Deve-se destacar, de início, a automedicação não recomendada como um dos complicadores do problema. Isso porque, mediante a ausência de uma orientação profissional, as pessoas abusam da dose. Inicialmente, fazem uso para acabar com uma indisposição e manter-se estável cotidianamente. Esse fato se evidencia, por exemplo, quando se observa alguns jovens estudantes que se automedicam com remédios para memória e concentração para se manterem “ativo” por muito tempo de estudo. Logo, é substancial a alteração física que permanece ao homem.
Além disso, é imperativo pontuar que a automedicação na atualidade, deriva, ainda, da baixa atuação dos servidores governamentais, no que concerne a liberação de fármacos. Isso se torna mais claro, por exemplo, ao se observar casos de pessoas que buscam a droga, Metformina, que é disponibilizada pelo governo para tratar Diabetes tipo 2, fazendo-se uso inadequado, como estimulante para emagrecimento. Desse modo, faz-se mister a reformulação dessa postura estatal de forma urgente.
Portanto, ações são necessárias para resolver o impasse.
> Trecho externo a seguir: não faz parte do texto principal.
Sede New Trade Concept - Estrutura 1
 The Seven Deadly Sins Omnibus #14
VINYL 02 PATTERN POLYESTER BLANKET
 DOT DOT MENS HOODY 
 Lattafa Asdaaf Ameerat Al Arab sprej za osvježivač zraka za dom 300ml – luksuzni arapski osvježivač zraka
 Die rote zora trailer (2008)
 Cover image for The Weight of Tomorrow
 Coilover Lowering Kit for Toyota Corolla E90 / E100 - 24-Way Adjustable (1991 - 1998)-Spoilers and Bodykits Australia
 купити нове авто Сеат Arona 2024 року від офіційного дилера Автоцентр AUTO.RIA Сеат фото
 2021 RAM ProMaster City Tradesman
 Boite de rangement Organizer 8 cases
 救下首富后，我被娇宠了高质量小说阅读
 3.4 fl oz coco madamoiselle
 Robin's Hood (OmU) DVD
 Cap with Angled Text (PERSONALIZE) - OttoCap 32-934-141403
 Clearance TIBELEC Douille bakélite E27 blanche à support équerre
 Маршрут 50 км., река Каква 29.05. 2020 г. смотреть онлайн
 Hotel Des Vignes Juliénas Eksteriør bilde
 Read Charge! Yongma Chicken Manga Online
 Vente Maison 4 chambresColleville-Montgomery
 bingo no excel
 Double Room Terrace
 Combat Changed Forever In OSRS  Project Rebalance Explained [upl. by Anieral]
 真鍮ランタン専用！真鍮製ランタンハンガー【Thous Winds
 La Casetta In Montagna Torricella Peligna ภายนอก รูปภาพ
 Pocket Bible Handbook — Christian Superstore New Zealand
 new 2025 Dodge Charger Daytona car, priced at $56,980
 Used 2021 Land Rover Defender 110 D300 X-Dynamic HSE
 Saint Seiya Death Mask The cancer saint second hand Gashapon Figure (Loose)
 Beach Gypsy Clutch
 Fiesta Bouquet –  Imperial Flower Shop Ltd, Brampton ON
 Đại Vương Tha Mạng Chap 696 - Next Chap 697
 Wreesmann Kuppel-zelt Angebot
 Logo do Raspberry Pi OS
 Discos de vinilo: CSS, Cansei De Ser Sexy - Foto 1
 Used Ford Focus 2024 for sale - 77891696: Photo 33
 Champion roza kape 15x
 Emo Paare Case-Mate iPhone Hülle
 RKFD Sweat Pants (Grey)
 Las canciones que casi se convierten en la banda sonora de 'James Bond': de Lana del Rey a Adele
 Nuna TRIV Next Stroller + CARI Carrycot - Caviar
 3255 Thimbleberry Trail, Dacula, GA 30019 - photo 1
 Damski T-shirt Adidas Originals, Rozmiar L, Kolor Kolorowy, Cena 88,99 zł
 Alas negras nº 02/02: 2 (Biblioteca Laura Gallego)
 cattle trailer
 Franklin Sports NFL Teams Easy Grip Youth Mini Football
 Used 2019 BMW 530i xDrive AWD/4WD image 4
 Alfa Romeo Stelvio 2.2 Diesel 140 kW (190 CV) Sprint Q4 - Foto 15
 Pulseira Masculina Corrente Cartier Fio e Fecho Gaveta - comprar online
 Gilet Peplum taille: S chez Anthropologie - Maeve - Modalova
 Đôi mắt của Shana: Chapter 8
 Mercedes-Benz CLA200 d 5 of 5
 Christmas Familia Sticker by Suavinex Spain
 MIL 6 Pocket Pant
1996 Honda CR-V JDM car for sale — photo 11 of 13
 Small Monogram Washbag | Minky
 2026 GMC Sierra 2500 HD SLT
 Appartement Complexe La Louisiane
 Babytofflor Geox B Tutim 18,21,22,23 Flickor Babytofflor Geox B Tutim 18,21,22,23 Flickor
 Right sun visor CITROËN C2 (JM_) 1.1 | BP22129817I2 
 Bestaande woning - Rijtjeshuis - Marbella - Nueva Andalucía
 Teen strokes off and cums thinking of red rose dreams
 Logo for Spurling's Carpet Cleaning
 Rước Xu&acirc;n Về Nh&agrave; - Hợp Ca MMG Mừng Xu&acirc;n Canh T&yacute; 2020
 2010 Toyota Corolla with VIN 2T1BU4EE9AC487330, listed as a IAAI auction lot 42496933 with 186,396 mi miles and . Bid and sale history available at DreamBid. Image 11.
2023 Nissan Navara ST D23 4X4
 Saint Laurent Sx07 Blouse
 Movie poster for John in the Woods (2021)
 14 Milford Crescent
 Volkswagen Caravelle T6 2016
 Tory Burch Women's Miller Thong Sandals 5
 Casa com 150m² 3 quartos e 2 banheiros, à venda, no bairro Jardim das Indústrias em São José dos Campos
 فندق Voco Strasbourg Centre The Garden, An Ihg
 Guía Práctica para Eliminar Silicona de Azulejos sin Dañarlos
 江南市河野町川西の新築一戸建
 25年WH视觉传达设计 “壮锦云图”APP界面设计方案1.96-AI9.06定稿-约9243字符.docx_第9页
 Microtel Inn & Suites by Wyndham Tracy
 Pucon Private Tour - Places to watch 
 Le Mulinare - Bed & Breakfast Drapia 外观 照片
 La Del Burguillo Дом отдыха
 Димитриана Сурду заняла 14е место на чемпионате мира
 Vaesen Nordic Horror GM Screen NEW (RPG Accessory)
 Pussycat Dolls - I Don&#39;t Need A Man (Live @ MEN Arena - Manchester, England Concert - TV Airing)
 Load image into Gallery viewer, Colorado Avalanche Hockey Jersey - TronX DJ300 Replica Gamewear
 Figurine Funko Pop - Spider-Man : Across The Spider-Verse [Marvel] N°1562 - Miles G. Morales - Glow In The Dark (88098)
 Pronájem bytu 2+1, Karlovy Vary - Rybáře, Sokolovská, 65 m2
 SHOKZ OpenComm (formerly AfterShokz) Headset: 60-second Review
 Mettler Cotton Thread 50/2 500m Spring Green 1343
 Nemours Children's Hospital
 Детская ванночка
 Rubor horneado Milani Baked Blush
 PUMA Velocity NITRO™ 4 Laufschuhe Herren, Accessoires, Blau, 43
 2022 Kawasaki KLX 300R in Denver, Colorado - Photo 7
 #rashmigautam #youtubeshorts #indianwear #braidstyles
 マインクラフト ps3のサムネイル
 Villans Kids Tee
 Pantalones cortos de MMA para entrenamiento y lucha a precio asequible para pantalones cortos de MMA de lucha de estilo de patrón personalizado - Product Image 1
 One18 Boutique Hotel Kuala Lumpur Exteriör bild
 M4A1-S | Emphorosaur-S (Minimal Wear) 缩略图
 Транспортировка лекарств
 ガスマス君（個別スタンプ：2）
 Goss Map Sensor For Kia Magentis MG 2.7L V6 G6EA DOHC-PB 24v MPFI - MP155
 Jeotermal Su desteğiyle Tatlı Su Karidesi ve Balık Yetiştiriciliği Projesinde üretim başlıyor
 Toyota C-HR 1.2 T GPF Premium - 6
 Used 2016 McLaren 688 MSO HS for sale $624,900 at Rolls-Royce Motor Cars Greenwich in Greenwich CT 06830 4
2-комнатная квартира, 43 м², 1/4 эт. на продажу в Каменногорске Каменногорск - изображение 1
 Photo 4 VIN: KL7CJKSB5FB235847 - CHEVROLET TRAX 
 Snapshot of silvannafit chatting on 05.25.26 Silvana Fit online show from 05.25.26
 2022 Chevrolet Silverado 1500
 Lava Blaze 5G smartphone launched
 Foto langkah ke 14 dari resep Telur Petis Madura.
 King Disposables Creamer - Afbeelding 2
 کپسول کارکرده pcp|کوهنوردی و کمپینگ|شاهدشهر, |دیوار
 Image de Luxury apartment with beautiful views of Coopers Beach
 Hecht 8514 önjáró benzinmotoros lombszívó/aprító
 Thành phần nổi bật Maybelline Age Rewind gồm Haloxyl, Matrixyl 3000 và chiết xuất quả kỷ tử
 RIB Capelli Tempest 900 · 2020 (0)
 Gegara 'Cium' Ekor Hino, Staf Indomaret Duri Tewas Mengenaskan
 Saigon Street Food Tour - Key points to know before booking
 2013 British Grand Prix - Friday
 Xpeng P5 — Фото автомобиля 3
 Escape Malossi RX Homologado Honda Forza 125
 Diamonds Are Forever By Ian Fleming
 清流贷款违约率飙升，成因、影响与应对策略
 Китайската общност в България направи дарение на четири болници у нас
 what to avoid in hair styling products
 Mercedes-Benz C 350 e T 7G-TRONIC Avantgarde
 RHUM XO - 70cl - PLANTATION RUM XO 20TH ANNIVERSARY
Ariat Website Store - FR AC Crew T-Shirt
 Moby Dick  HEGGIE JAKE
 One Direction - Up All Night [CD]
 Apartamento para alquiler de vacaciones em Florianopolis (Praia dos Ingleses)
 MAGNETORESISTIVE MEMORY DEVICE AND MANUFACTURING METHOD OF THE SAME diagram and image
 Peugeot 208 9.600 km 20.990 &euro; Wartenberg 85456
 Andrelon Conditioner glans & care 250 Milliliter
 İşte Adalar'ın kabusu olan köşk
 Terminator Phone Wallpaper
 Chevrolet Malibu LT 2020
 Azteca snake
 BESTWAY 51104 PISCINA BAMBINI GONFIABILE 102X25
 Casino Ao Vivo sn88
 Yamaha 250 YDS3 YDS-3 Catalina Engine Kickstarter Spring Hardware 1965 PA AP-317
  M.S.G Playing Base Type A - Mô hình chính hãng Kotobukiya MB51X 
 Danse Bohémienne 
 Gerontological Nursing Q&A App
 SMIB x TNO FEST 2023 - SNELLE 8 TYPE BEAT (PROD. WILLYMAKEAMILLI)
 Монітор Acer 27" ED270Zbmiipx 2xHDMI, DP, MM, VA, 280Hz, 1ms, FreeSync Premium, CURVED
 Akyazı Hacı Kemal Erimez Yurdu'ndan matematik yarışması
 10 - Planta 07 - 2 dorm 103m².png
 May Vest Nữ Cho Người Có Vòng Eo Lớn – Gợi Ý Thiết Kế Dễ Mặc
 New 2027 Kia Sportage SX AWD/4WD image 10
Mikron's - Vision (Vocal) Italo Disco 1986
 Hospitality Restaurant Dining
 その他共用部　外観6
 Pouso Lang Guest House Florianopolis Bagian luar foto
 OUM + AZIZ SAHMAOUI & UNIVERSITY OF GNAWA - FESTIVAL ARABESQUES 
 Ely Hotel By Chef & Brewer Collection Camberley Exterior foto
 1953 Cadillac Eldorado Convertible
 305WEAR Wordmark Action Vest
O Governo Federal deve impossibilitar a entrega de fármacos sem prescrição médica, por meio de um projeto de lei a ser entregue á câmara dos deputados. Nela, constaria a obrigatoriedade da necessidade específica para o uso da droga, com o laudo de um profissional. O Ministério da Saúde deve alertar sobre a automedicação, por meio de propagandas e palestras escolares. Espera-se, com essa medida, automedicação consciente.